WT dancers offer striking 'Portrait' of their art in upcoming performances

Email share
Caleb Summers and Cole Medley rehearse for "Portraits of Dance."
Photo by Hilary Hulsey

By Chip Chandler — Digital Content Producer

Dancers at West Texas A&M University will explore what art means now in performances beginning Thursday.

Portraits of Dance will be staged at 7:30 p.m. Thursday through Saturday and 2:30 p.m. Sunday in the Happy State Bank Studio Theatre in the Sybil B. Harrington Fine Arts Complex. Tickets are $12 for adults and $8 for seniors and students. Call 806-651-2804.

Students worked with guest choreographers Matthew Lindstrom, Meg Paul Laura Harrell and Travis Prokop, as well as WT instructors Crystal Bertrand and Leslie Williams, to develop the program.

One highlight is a new collaboration with the WT Symphony Orchestra, which will play on stage as dancer Ashley Johnson performs in "One on One," a piece choreographed by Williams and Johnson.

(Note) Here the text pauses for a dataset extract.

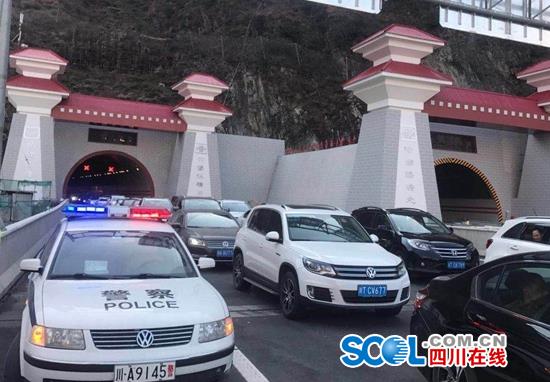 试开通大受欢迎 雅康高速多处出现拥堵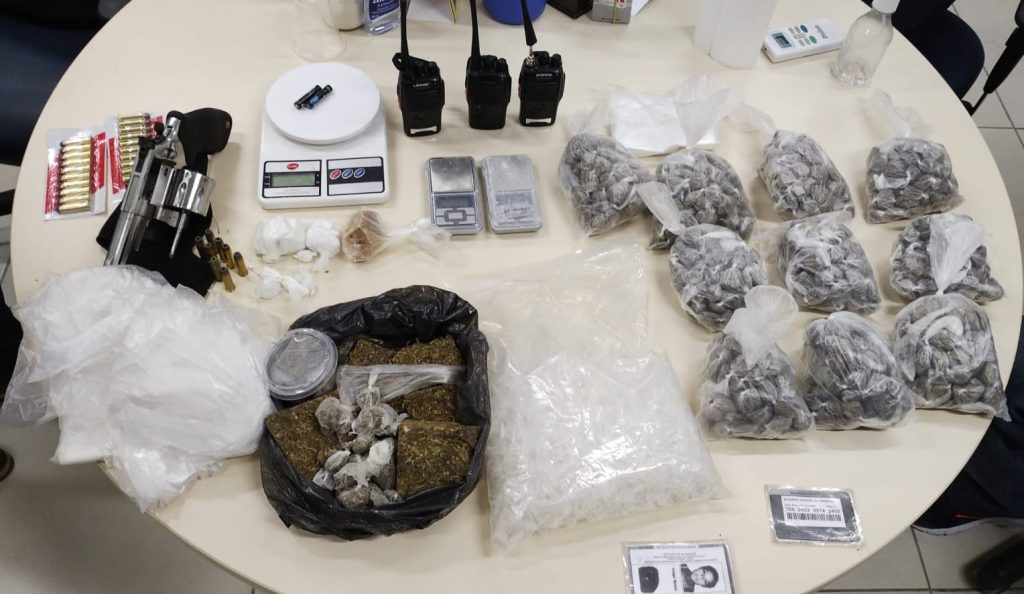 Mulher é presa com drogas, arma, rádios comunicadores e balanças de precisão 1 PC-AL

"You get to see the natural movement of the musicians while they're standing," Williams said. "Eventually, we'll see if we can get this into a longer work."

Working with the guest choreographers has been a highlight for the students.

"It affords you the opportunity to work with someone other than faculty," senior dancer Mark Gold said. "A fresh perspective is nice when you are working as an artist. That new perspective can reinforce things that our faculty already stresses to us."

Lindstrom teaches at Interlochen Arts Academy. Harrell is an adjunct dance faculty member at Lone Star College, and Prokop, her choreography partner, teaches at Lamar University and is a member of NobleMotion Dance in Houston; he graduated from WT. Paul has been a principal dancer with the Joffrey Ballet and is currently ballet master for Complexions Contemporary Ballet.

"With this lineup, it really gave (the students) a nice mix of where we are in dance and the different artists they're going to be working with," Williams said. "It's all three different ways of approaching the same problem."

All three of the guests and Williams' own piece are "a direct reflection of what we're dealing with in the current political society right now," Williams said.

"Almost all of the pieces have an underlying political theme, but it's not really in your face," she continued. "It's the things we're dealing with and how are we, as artists, interpreting them?"

Harrell and Prokop, as the youngest choreographers, "really dug emotionally deep with the dancers, kind of tearing them apart to ... find the raw emotion that we need for the piece," Williams said.

"Matt is a little older ... and really collaborated with the dancers, really focused in on the collaborative aspect of the work," Williams continued. "And Meg is ... a taskmaster. ... She really asked them to get deep into the piece emotionally but with their own stories instead of dictating a story to them."

The concert also will feature lighting by guest designer Shawn Irish, a former WT professor now working at the University of Arkansas.